CHICAGO - Since May 28th of last year, the question seemed to be not if but when he'd be back.
While the Bulls may not have valued Tom Thibodeau as a head coach, a number of organizations coveted the skill set of the coach whose won nearly 65 percent of his games in the NBA.
One of those was the team whom gave the coach his start in the NBA. Going forward with an interim head coach for the 2015-2016 season following the death of Flip Saunders, it appeared that Thibodeau and the Timberwolves could be a potential combination for the future.
After a few weeks of talk and days of more intense speculation Thibodeau is going back home, so to speak.

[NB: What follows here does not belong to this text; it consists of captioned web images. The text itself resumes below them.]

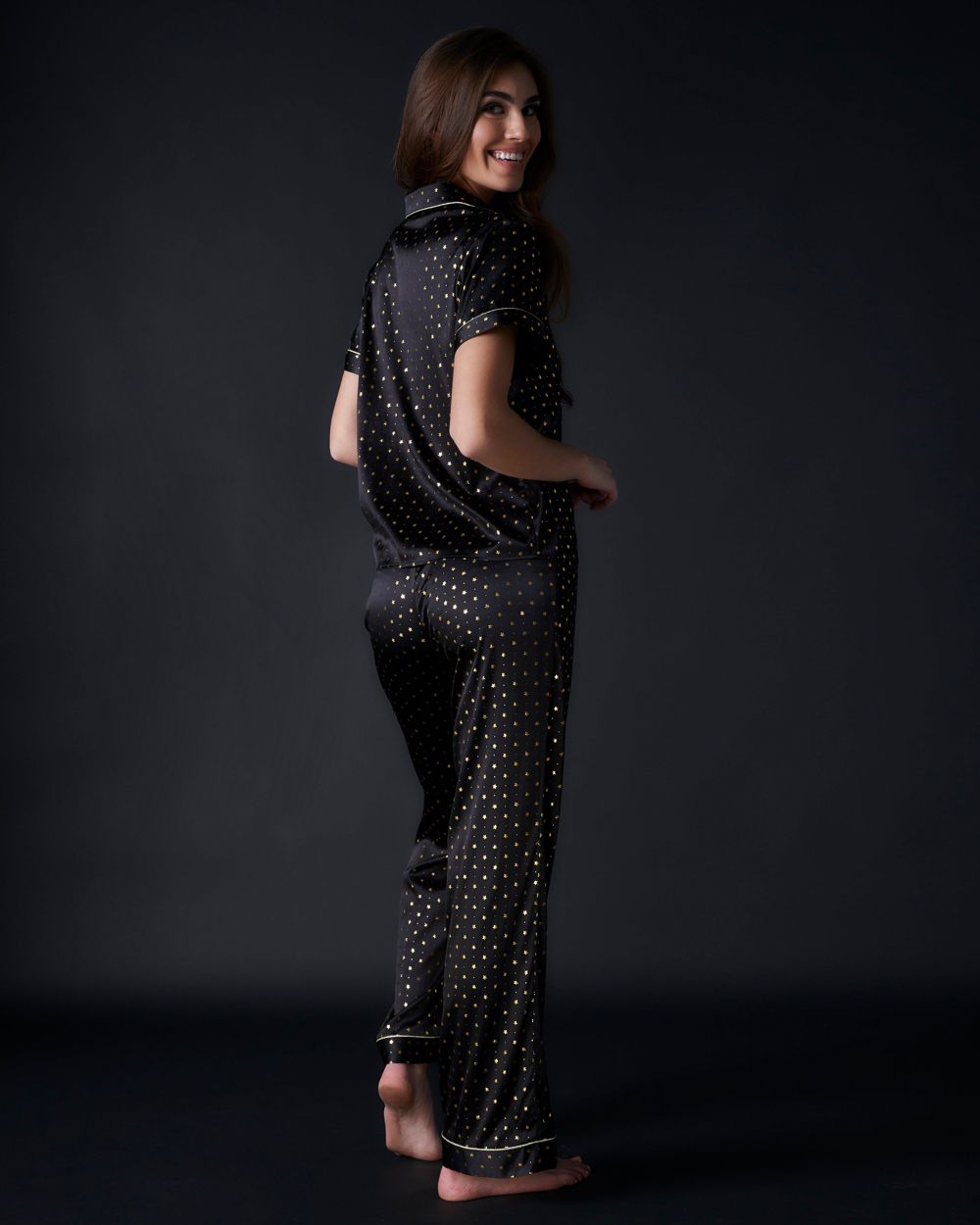 Morgan Lane Starburst Tami Top in black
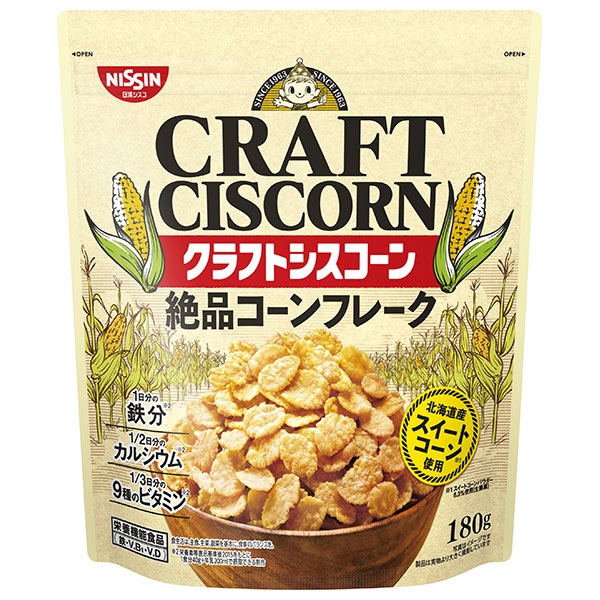 日清シスコ クラフト シスコーン 180g×8袋入×(2ケース)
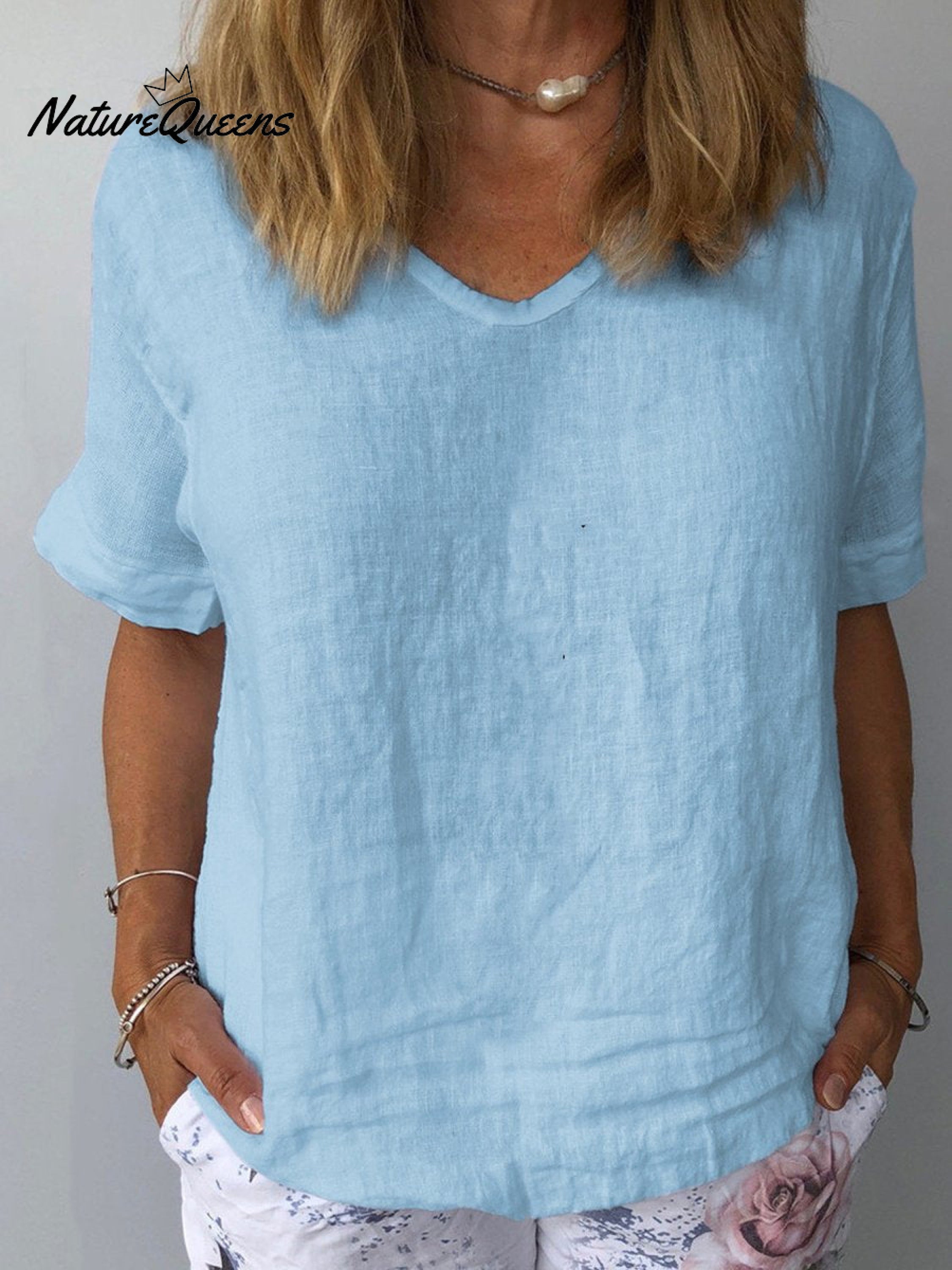Women's Cotton & LinenCasual Top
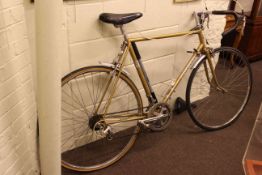 Vintage Claud Butler racing cycle with SunTour VX gears and Weinmann block brakes (with two spare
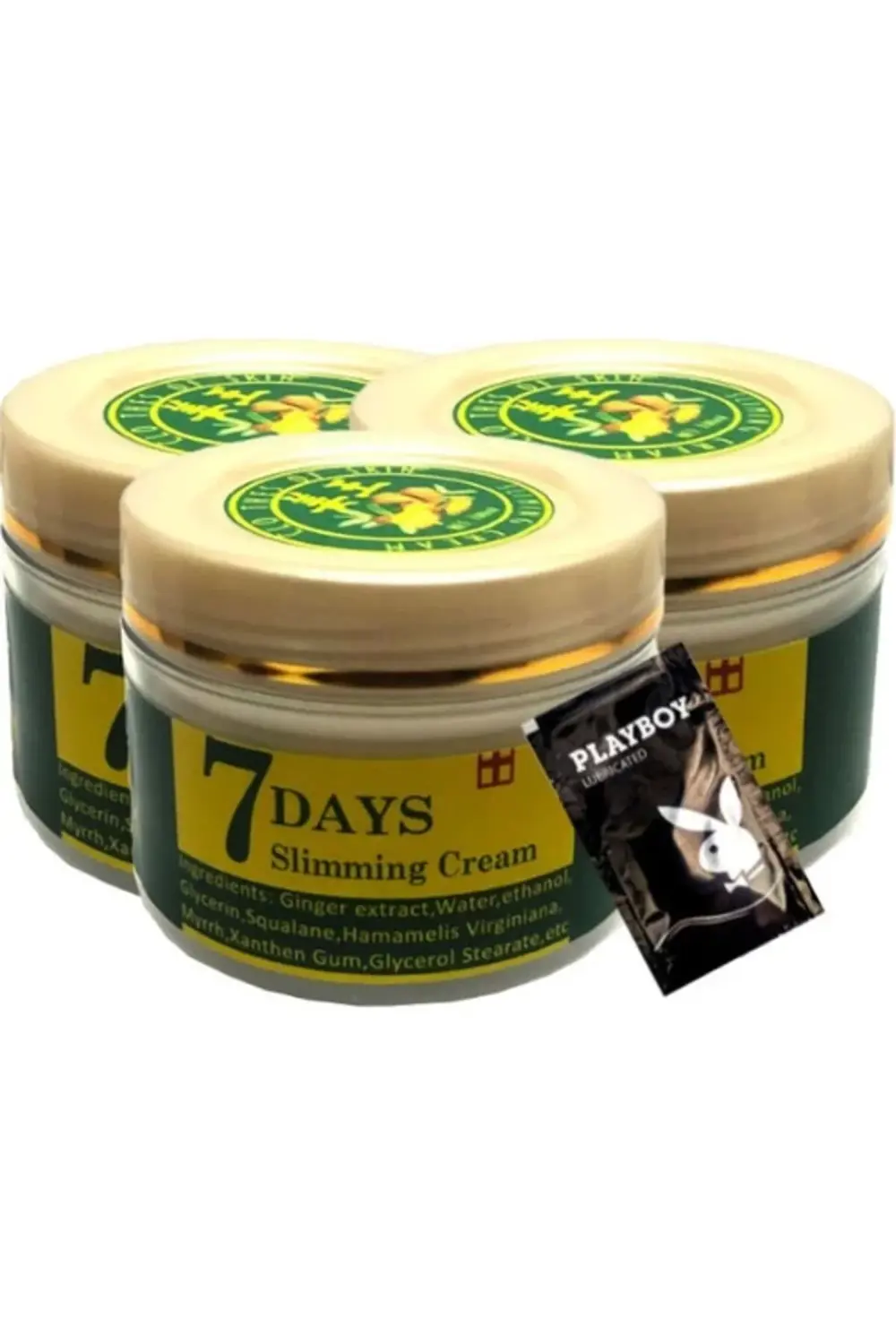 7 Days Ginger 3lü Adet Miracle Slimming Cream Kremi 100 ml + 1 Ad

Twenty-Seven years after taking his first assistant coach job with team Thibodeau was named the head coach of the Timberwolves while also assuming the job as the President of Basketball Operations. ESPN has reported the deal to be for five-years for $40 million with the higher salary coming with added responsibility and control over the future of the franchise.
It's one he began his professional coaching career with back in 1989 when he joined the Timberwolves in their inaugural season as an assistant coach, staying through the 1991 season.
“Through this process we quickly identified Tom as the best leader to shape our talented team and help them realize their full potential. Tom’s resume speaks for itself. He is a proven winner, leader and one of the most well-respected NBA head coaches over the last decade," said owner Glen Taylor in a statement released by the team. "His teams have annually been among the league leaders in defense and we are excited about the approach and mentality he will bring to that side of the ball.
"The future of the Minnesota Timberwolves has never been brighter and we are very pleased to have Tom as our basketball operations leader moving forward."
It's one that has upside despite a 29-53 record this past season. The roster is relatively young featuring two No. 1 overall picks in the NBA Draft with Karl Anthony-Towns and Andrew Wiggins. The dynamic Zach LaVine, a two-time Slam Dunk champion, will enter his third year in the league in 2016-2017.
While his methods were questioned by the Chicago Bulls front office and ultimately led to his firing last may, Thibodeau had plenty of success during his years in the Windy City.
He led the Bulls to the playoffs in each of his five seasons and twice had the best record in the Eastern Conference. In 2011 Thibodeau won the NBA Coach of the Year as he took the Bulls to the Eastern Conference Finals before losing to LeBron James and the Miami Heat. He finished his time with the Bulls with a 255-139 record.